** WHAT IS BEING ASKED **
Only the lines from the one containing "Chaperon médiéval en toile noir et marron" through the one containing "2-in-1 package delivery" should be printed, exactly as they appear below, with both ends included.

===== RECORDS FOR THE EXERCISE

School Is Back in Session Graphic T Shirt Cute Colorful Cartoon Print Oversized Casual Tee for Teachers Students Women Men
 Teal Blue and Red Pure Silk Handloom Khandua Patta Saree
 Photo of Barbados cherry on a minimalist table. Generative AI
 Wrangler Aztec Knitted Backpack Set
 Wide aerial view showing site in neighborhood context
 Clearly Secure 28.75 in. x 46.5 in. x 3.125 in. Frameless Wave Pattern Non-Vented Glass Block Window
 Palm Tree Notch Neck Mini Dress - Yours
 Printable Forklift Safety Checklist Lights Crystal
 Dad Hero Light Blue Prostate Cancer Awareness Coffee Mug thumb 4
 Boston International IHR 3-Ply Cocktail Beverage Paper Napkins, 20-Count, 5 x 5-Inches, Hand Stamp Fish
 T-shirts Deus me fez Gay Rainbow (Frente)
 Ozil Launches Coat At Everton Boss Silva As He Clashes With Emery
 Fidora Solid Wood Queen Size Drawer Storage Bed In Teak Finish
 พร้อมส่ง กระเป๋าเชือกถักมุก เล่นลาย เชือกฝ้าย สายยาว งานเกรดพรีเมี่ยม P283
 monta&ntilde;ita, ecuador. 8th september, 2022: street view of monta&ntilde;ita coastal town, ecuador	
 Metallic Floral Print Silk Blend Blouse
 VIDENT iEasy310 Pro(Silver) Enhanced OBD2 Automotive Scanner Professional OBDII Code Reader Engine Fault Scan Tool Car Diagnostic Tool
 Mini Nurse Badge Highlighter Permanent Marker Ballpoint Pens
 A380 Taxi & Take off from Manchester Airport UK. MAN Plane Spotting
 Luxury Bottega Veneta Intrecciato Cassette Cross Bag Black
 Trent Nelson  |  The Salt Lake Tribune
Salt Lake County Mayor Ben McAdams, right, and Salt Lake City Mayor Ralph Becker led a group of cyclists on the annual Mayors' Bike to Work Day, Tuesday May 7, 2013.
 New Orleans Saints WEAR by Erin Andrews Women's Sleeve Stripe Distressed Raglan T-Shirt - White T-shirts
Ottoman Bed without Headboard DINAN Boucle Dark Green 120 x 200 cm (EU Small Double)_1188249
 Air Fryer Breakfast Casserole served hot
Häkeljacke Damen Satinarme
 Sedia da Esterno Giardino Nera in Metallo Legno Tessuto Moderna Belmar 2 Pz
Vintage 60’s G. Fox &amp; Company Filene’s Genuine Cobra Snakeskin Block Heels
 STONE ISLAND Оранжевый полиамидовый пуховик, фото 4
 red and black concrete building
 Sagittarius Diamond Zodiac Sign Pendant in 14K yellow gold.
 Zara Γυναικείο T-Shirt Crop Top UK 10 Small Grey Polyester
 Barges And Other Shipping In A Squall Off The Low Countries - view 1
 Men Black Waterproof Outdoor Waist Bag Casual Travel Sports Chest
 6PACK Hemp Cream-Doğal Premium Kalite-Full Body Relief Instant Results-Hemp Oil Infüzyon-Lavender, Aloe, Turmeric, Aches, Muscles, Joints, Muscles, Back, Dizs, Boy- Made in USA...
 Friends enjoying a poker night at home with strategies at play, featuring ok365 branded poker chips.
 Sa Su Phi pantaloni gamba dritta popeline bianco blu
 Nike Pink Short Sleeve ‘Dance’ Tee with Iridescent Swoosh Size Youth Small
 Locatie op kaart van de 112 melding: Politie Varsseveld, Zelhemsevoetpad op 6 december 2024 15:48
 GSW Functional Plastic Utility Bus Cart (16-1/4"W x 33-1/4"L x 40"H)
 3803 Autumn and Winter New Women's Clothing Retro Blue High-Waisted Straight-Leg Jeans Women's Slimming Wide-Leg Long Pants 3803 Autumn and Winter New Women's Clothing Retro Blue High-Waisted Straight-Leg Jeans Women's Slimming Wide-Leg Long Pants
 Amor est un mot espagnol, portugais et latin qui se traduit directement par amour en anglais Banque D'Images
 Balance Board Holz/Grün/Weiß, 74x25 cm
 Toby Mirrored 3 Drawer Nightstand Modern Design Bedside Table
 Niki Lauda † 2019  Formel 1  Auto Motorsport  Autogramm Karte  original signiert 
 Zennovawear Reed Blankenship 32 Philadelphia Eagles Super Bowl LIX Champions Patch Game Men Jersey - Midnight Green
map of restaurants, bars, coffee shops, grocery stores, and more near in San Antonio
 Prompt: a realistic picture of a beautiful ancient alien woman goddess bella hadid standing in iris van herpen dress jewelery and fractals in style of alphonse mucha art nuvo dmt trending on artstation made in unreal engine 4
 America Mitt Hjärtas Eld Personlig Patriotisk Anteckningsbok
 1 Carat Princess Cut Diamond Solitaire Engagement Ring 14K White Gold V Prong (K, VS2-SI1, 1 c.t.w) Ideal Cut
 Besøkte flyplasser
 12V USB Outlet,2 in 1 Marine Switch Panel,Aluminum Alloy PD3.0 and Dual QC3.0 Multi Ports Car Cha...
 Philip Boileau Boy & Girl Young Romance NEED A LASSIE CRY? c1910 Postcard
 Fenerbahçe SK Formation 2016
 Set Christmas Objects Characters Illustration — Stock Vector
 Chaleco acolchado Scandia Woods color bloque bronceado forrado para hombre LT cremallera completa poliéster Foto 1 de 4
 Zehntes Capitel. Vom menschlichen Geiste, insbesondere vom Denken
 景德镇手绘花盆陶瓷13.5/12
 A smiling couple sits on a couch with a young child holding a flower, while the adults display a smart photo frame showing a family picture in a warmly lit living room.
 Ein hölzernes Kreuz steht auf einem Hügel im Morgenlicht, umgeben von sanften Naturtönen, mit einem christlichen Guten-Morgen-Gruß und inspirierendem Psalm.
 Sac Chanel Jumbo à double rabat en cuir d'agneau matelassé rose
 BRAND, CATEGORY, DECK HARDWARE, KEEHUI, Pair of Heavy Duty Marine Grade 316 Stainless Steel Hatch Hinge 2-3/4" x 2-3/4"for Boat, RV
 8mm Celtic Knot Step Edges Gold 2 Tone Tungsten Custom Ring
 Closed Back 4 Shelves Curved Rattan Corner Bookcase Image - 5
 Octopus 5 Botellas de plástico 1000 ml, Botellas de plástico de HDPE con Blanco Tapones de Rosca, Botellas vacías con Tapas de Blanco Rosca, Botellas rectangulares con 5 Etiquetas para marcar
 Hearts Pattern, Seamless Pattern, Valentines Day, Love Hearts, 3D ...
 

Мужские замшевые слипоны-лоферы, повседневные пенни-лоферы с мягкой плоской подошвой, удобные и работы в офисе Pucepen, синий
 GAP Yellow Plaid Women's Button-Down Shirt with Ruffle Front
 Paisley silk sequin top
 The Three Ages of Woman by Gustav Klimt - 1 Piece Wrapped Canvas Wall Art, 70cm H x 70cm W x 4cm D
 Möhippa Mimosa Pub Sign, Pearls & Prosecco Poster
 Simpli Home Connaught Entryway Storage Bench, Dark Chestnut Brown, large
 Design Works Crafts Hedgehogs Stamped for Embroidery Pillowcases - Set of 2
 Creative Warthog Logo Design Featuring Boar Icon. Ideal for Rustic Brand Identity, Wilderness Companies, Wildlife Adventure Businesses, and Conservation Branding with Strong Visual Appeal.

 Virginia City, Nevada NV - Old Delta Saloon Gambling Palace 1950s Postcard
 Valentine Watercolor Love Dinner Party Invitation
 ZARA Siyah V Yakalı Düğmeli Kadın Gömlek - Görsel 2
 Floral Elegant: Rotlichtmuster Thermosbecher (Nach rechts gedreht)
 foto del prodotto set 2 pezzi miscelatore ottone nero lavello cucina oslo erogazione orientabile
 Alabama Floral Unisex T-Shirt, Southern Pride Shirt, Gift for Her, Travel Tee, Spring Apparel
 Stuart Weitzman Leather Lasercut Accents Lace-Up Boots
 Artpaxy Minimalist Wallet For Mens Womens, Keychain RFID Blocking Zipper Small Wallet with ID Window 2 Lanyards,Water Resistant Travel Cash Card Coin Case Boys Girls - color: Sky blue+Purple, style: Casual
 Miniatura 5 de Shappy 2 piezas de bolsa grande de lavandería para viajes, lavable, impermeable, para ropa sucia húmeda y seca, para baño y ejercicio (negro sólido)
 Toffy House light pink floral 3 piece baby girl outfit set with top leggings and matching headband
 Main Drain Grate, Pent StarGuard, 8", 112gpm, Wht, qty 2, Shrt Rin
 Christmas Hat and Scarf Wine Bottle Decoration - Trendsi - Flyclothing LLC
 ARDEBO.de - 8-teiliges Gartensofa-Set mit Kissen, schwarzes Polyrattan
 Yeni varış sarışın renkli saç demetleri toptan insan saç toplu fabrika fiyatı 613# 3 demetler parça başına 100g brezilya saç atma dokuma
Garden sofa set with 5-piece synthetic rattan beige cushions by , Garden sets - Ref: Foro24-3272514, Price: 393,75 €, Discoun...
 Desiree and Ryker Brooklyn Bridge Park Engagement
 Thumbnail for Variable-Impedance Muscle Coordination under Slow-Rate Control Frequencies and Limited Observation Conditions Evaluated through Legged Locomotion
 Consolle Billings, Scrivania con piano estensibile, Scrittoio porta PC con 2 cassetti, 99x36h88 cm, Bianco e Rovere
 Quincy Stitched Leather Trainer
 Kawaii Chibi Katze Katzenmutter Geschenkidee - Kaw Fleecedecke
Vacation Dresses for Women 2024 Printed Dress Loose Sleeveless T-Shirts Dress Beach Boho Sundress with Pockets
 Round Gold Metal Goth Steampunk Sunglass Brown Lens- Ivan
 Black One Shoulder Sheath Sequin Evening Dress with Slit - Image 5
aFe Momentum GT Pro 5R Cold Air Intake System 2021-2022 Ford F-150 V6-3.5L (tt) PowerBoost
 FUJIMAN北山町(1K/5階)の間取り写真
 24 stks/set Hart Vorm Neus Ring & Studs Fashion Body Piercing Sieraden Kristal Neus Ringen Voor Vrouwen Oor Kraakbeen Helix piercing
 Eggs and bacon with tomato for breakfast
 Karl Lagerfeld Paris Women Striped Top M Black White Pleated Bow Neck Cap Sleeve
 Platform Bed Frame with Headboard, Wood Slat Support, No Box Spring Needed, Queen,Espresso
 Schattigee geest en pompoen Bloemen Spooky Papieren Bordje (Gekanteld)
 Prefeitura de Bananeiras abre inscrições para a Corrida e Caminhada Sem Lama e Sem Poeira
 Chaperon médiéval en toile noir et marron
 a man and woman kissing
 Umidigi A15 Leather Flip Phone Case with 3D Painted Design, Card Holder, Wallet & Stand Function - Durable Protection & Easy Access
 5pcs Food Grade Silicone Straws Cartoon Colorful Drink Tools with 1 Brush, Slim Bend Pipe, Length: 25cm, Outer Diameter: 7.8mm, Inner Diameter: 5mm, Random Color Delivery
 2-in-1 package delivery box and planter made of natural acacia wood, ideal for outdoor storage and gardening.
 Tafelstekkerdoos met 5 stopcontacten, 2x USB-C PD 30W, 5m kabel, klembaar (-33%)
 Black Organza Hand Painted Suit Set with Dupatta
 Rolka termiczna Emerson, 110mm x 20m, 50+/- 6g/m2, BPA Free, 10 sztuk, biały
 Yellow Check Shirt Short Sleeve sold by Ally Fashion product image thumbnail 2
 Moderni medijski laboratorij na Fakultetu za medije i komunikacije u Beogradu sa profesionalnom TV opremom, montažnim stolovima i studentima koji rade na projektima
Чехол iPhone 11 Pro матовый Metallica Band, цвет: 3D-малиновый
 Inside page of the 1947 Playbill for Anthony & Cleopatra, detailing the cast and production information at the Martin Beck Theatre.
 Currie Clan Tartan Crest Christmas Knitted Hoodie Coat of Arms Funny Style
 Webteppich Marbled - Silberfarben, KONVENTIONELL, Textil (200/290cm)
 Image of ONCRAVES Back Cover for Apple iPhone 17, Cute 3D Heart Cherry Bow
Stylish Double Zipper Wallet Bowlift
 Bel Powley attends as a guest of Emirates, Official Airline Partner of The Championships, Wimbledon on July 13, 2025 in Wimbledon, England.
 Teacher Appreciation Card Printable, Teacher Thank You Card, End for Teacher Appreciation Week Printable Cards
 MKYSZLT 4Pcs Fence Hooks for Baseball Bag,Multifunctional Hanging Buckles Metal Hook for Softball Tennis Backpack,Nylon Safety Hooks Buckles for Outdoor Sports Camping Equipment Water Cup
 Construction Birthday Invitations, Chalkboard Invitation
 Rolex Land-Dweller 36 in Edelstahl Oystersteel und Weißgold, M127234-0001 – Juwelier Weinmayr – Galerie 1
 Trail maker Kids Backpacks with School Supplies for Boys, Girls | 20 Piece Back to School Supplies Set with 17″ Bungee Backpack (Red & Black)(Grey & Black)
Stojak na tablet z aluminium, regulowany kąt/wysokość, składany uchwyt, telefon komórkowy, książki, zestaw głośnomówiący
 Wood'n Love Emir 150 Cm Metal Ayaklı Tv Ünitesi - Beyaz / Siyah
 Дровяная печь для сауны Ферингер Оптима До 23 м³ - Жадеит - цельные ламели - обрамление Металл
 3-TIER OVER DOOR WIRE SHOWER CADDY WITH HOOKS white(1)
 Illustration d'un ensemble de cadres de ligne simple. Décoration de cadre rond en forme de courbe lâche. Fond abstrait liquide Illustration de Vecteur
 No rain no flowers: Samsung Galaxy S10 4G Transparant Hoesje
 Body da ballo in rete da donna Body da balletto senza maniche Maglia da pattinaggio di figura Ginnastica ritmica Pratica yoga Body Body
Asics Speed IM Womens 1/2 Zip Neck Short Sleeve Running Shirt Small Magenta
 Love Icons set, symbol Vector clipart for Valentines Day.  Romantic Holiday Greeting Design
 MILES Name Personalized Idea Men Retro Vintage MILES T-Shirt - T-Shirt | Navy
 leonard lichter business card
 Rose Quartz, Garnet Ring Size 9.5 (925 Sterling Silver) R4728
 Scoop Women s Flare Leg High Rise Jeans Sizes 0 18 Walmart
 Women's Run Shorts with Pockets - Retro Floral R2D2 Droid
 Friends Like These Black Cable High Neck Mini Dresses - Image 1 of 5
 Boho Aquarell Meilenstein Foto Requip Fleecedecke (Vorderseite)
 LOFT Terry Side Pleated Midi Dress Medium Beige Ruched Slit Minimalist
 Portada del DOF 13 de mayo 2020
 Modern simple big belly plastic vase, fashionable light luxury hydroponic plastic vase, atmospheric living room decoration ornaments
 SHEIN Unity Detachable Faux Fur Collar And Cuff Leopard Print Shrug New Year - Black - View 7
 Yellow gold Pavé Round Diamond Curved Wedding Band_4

==========

** FINISHED TASK **
 Chaperon médiéval en toile noir et marron
 a man and woman kissing
 Umidigi A15 Leather Flip Phone Case with 3D Painted Design, Card Holder, Wallet & Stand Function - Durable Protection & Easy Access
 5pcs Food Grade Silicone Straws Cartoon Colorful Drink Tools with 1 Brush, Slim Bend Pipe, Length: 25cm, Outer Diameter: 7.8mm, Inner Diameter: 5mm, Random Color Delivery
 2-in-1 package delivery box and planter made of natural acacia wood, ideal for outdoor storage and gardening.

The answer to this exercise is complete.